K Radius Subarray Averages

1. What is this problem about?

The K Radius Subarray Averages interview question asks you to calculate the average of all windows of size $2k + 1$ centered at each index. For each index i, if there are at least k elements to its left and k to its right, calculate the average of the range [i-k, i+k]. Otherwise, the value at that index is -1.

2. Why is this asked in interviews?

Meta and Amazon use the K Radius coding problem to assess a candidate's basic Sliding Window and Prefix Sum proficiency. It tests if you can avoid redundant summations ($O(N \cdot K)$) and achieve $O(N)$ performance. It evaluation your ability to handle integer division and large sums.

3. Algorithmic pattern used

This problem is best solved using Prefix Sums or a Sliding Window.

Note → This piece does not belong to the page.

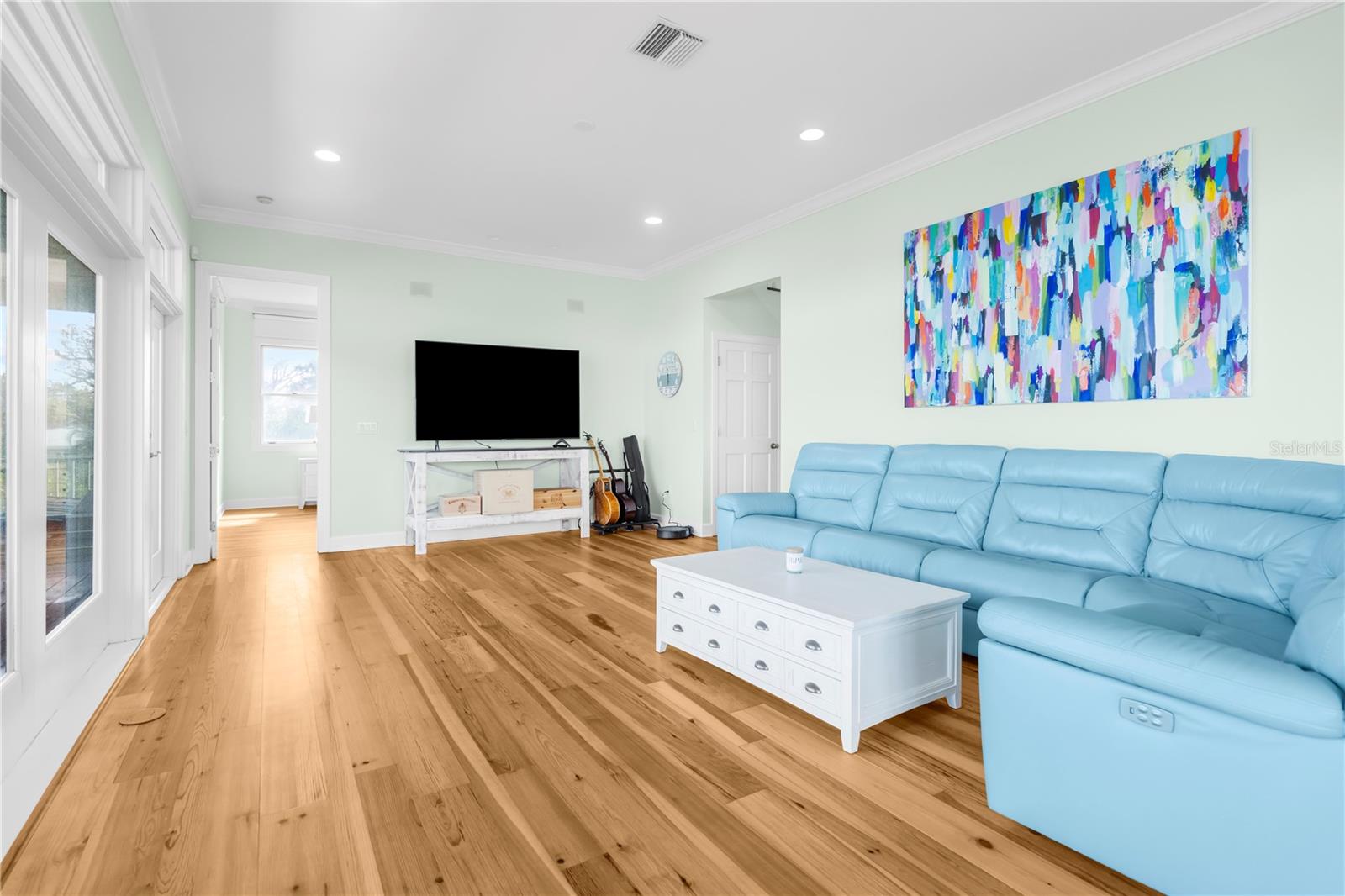 GALLEONS REACH - Residential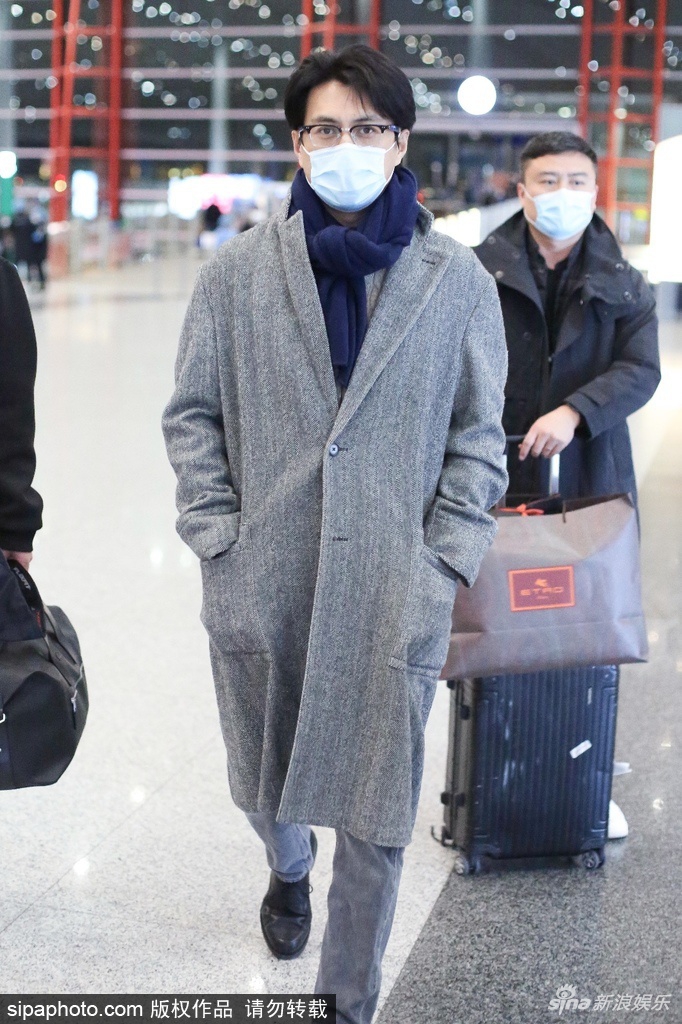 靳东蓝色风衣_靳东穿风衣图片(3)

1. Prefix Sum: Pre-calculate prefixSum[i] as the sum of elements from index 0 to $i-1$.
2. Range Sum: The sum of nums[i-k...i+k] is prefixSum[i+k+1] - prefixSum[i-k].
3. Sliding Window: Alternatively, maintain a running currentWindowSum. As you move to the next center, subtract the element that leaves the window and add the new one.
4. Average: avg = currentSum / (2k + 1).

4. Example explanation

nums = [7, 4, 3, 9, 1], k = 1

• Index 0: No left neighbor. Result -1.
• Index 1: Window [0, 2] is [7, 4, 3]. Sum 14. Avg $14 / 3 = 4$.
• Index 2: Window [1, 3] is [4, 3, 9]. Sum 16. Avg $16 / 3 = 5$.
• Index 3: Window [2, 4] is [3, 9, 1]. Sum 13. Avg $13 / 3 = 4$.
• Index 4: No right neighbor. Result -1. Result: [-1, 4, 5, 4, -1].

5. Common mistakes candidates make

• Integer Overflow: Forgetting that the sum of a window can exceed $2^{31}-1$, requiring 64-bit integers (long).
• Incorrect window size: Using $2k$ or $k+1$ instead of $2k+1$.
• Redundant sum: Using sum(nums[i-k:i+k+1]) inside a loop, making it $O(N \cdot K)$.

6. Interview preparation tip

For any "moving average" or "moving sum" problem, the Prefix Sum interview pattern is usually the safest and easiest to implement. It handles any range query in $O(1)$ without the need for complex pointer logic.